The study showed that three quarters of companies had contact with data protection rules, but a half of them simply throws documents away without destroying them.

Shouldn't you act in the case of problems such as obtaining medical data from hospitals by the Internal Security Agency, publications of lists of agents from the National Remembrance Institute or of agents of Internal Security Services from the communist Poland. Did you ask the control questions to relevant services in all those cases?

- I did all that the law allowed me to do. In the Polish legal system there are limits to the application of the Data Protection Act. It means that the Inspector General has no right to issue administrative decisions and, to accept claims on the violation of the Data Protection Act or to control the police services, the Internal Security Agency, the Central Anti-Corruption bureau and other authorities.
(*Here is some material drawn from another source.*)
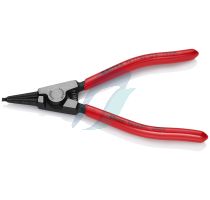 Knipex Circlip Pliers for grip rings on shafts plastic coated black atramentized 140 mm
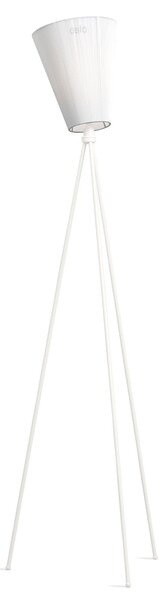 Stojacie Lampa Northern, Oslo Wood, stmievateľné, Biela, Obývacia izba, Tkanina / Textil, Dizajnový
The Data Protection Act does not apply to the National Remembrance Institute, in accordance with Art. 71 of the Act on National Remembrance Institute.

Interwiew by Katarzyna Żaczkiewicz

• Michał Serzycki, graduate of Stefan Wyszyński University in Warsaw. In 2006 he was elected by the Parliament for a 4-year term of office.

10 years of Data Protection Act

Right to Privacy in Surveillance Society is the main theme of a two-day conference organized by Mr Michał Serzycki, Inspector General for Personal Data Protection. The meeting attended by representatives of data protection authorities from Sweden, Italy, Czech Republic, Slovakia, Spain, Austria and other European countries, will also be an occasion to discuss the problems of privacy on the internet and protecting the privacy of public figures.